Before this Court can be satisfied that the issues in this action are referable to arbitration, it must first consider UTU’s challenges to the validity of the contract that contains the arbitration agreement. See, e.g., Stromberg Sheet Metal Works, Inc. v. Wash. Gas Energy Sys., Inc., 448 F.Supp.2d 64, 68 (D.D.C.2006). “An agreement to arbitrate is valid, irrevocable, and enforceable, as a matter of federal law, ‘save upon such grounds as exist at law or in equity for the revocation of any contract.’ ” Perry v.

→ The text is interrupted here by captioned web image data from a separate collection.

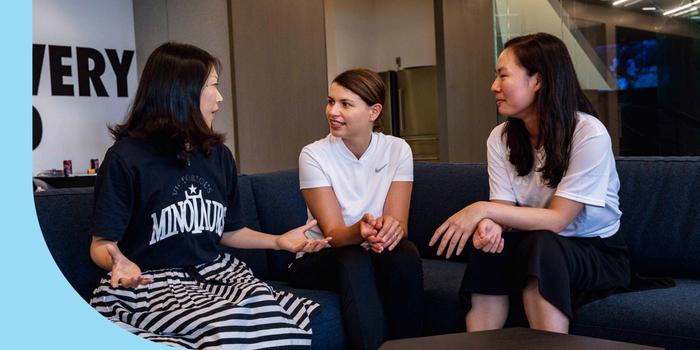Three people sitting on a couch and having an animated discussion. The person on the left is dressed in a T-shirt and a skirt; the person in the middle is dressed in a T-shirt and pants; the person on the right is wearing a T-shirt and a skirt.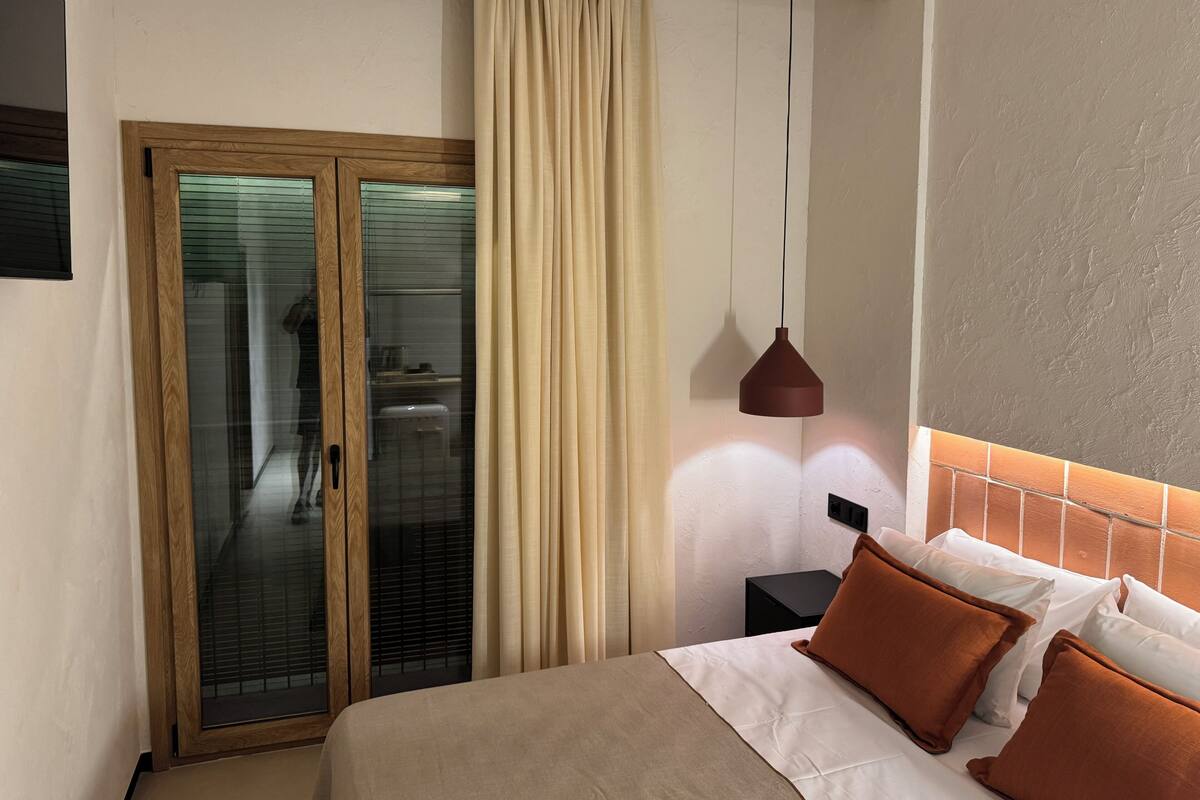 Une chambre d’hôtel comprenant un lit, une table de chevet, une suspension et une porte-fenêtre coulissante donnant sur une salle de bain.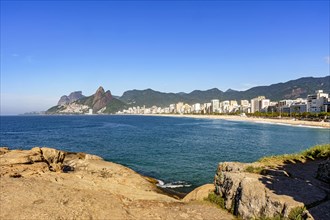 Panorama of Ipanema beach in Rio de Janeiro on a beautiful day with the sea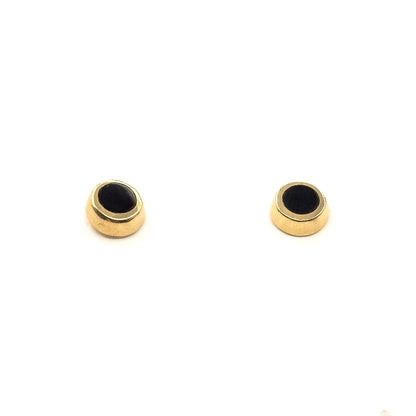 The pair stands upright on white, tilted so the rounded yellow gold side walls and the depth of each bezel are visible beneath the black enamel faces.
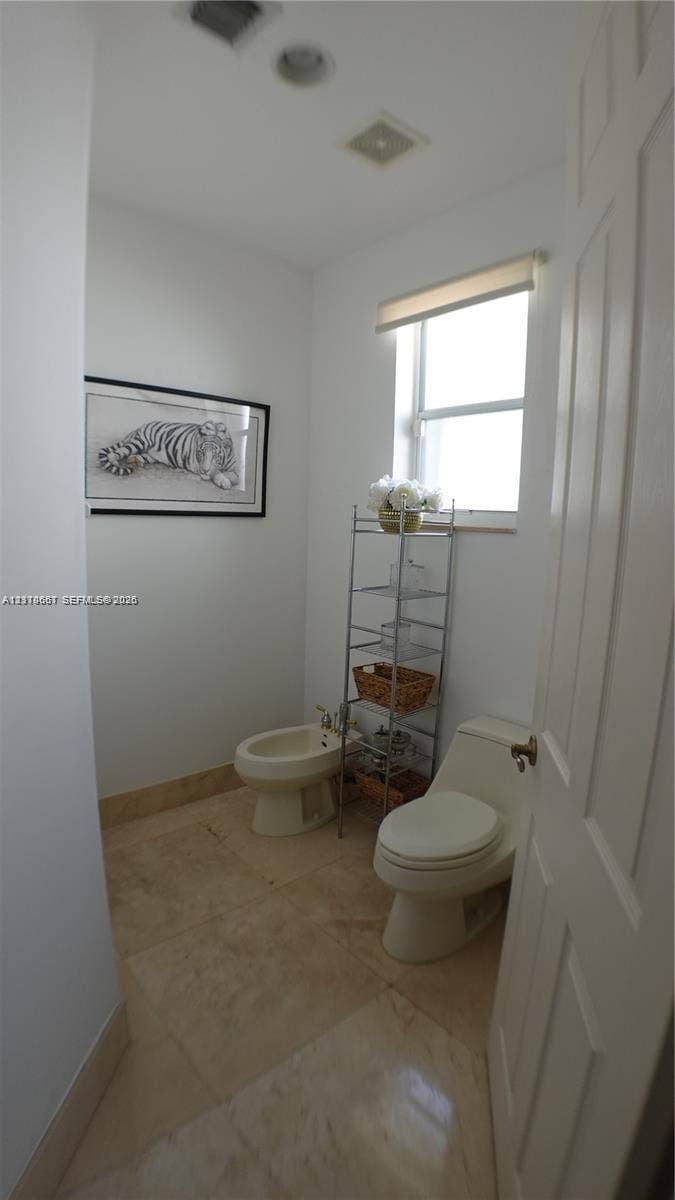 Bathroom featuring a vanity with integrated sink and stone-finish countertop, white cabinetry, framed mirror, and a shower stall with glass enclosure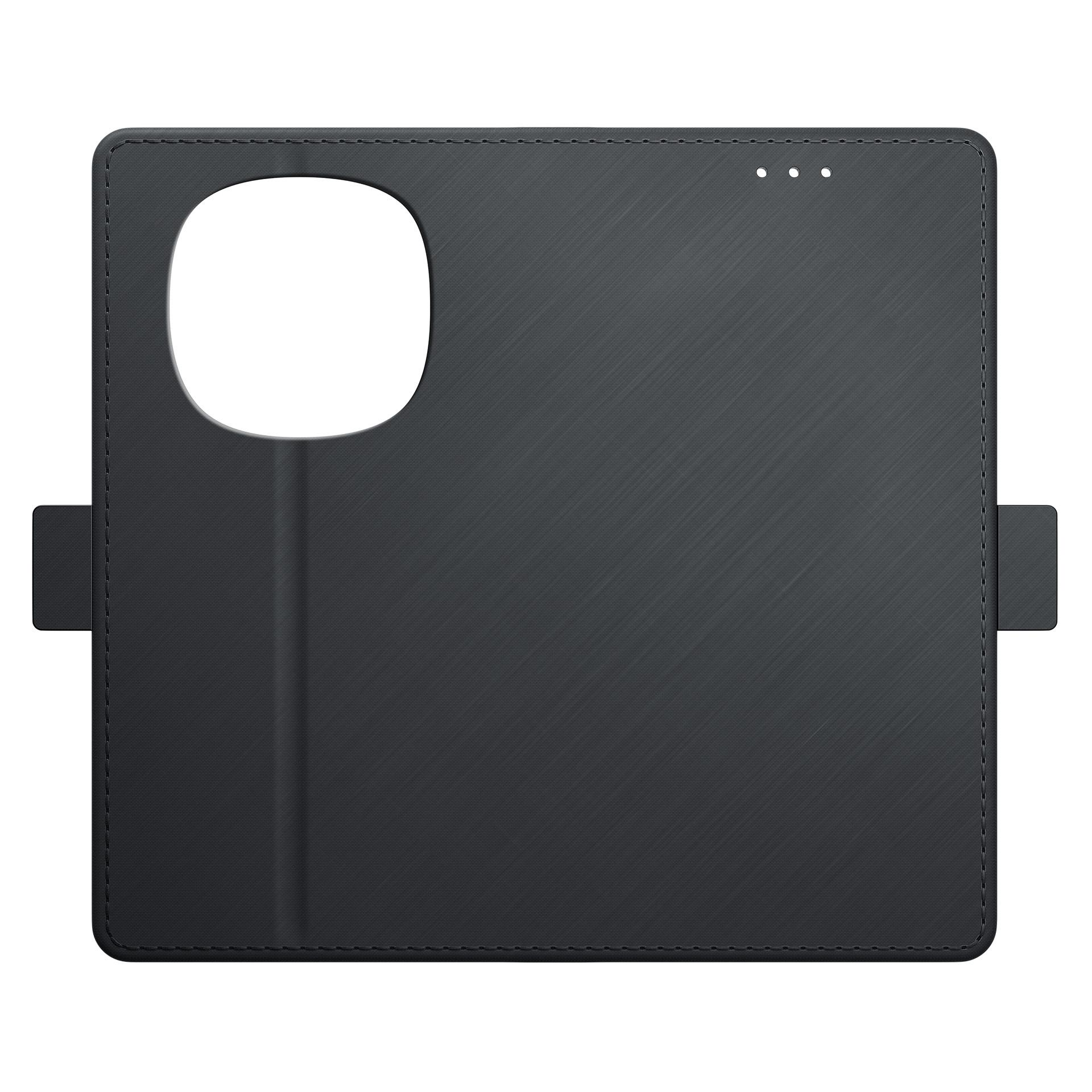 Czarna obudowa na telefon z klapką, wycięciem na aparat.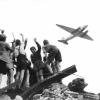 West-Berliner Jungen, die auf einem Trümmerberg stehen, begrüßen winkend ein US-amerikanisches Transportflugzeug, das Versorgungsgüter nach West-Berlin bringt. 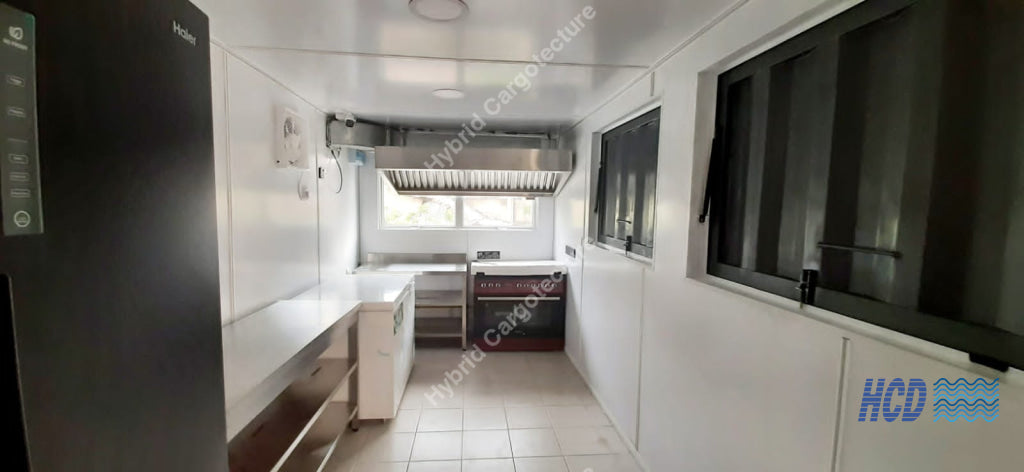 HCD Sakya Institute kitchen fit-out with counters, cooking equipment and extraction hood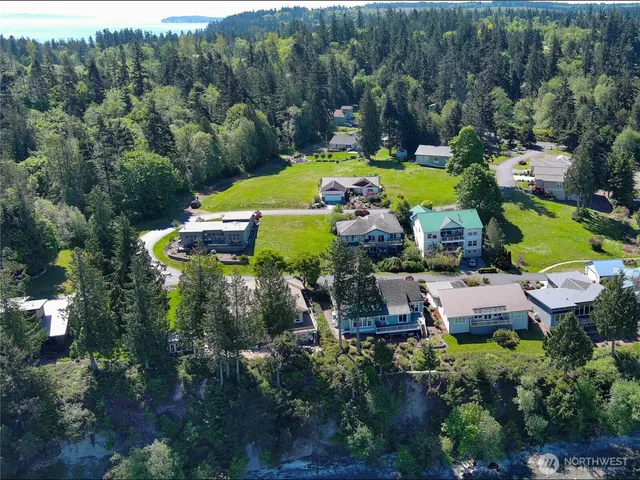 an aerial view of a house with swimming pool outdoor seating and yard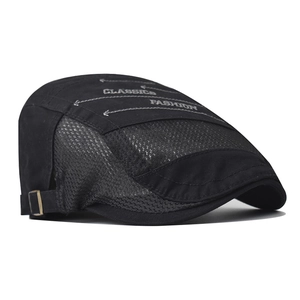 Detail of black canvas flat cap with breathable mesh and white classics printing
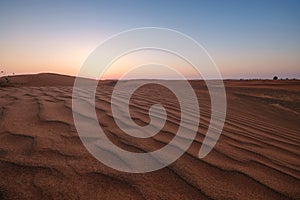 Sunset over the sand dunes in the desert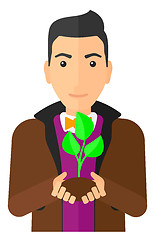 Image showing Man holding plant.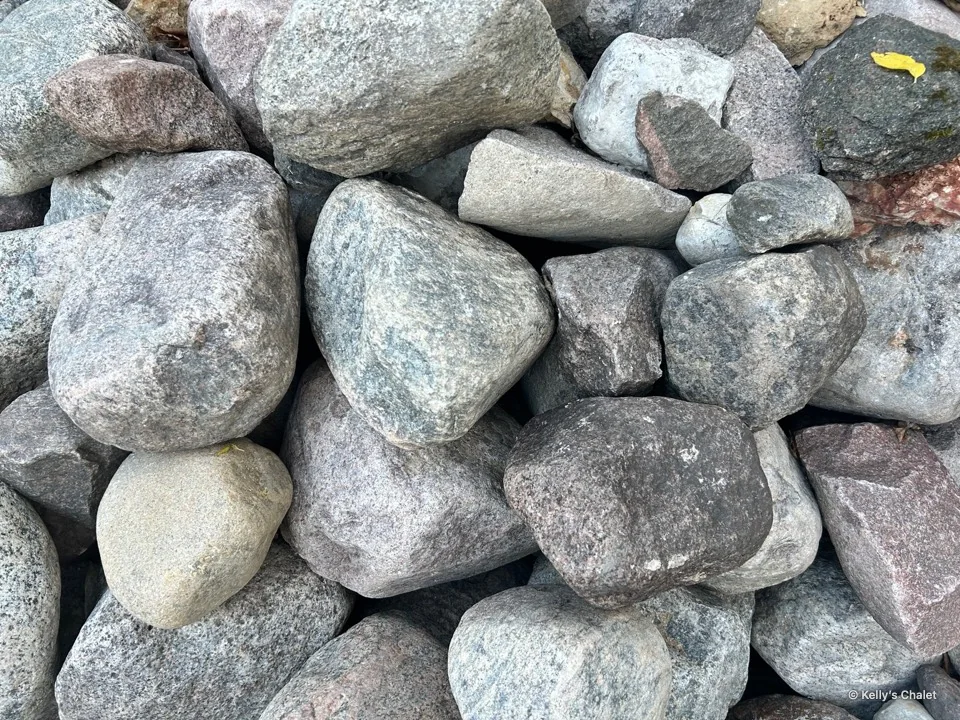 Close view of varied natural stones on the chalet grounds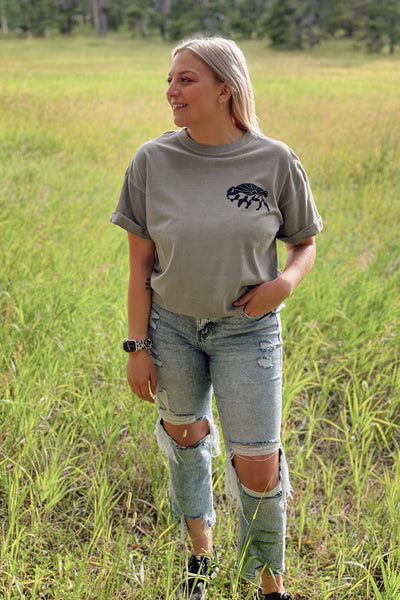 You‘re going to fall in love with this boyfriend tee in army green with buffalo stamping on the left chest + back. It has an oversized boyfriend fit with hand-distressed edges + rolled sleeves. Hand stamped by the insanely talented Burgundy Blooms right here in Casper, WY.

Thomas, 482 U.S. 483, 492 n. 9, 107 S.Ct. 2520, 96 L.Ed.2d 426 (1987) (citation omitted) (quoting § 2). The Supreme Court has clarified that state law, either in statutory or common-law form, can operate to invalidate an arbitration agreement under § 2 so long as “that law arose to govern issues concerning the validity, revocability, and enforceability of contracts generally.” Doctor’s Assocs., Inc. v. Casarotto, 517 U.S. 681, 686-87, 116 S.Ct. 1652, 134 L.Ed.2d 902 (1996) (quoting Perry, 482 U.S. at 492 n. 9, 107 S.Ct. 2520). Thus, arbitration agreements can be rendered unenforceable on the basis of “generally applicable contract defenses, such as fraud, duress, or unconscionabili*169ty.” Id. at 687, 116 S.Ct. 1652. SMWIA contends that to the extent that state-law contract principles are relevant to UTU’s challenges to the arbitration agreement, this Court should look to the law of the District of Columbia, Am. Compl. ¶ 12, and the Merger Agreement states that “the laws of the District of Columbia shall be deemed to govern the interpretation and performance of this Agreement,” MA at 14. UTU maintains that the Merger Agreement is by its own terms “of no force and effect.” Def.’s Answer ¶ 12.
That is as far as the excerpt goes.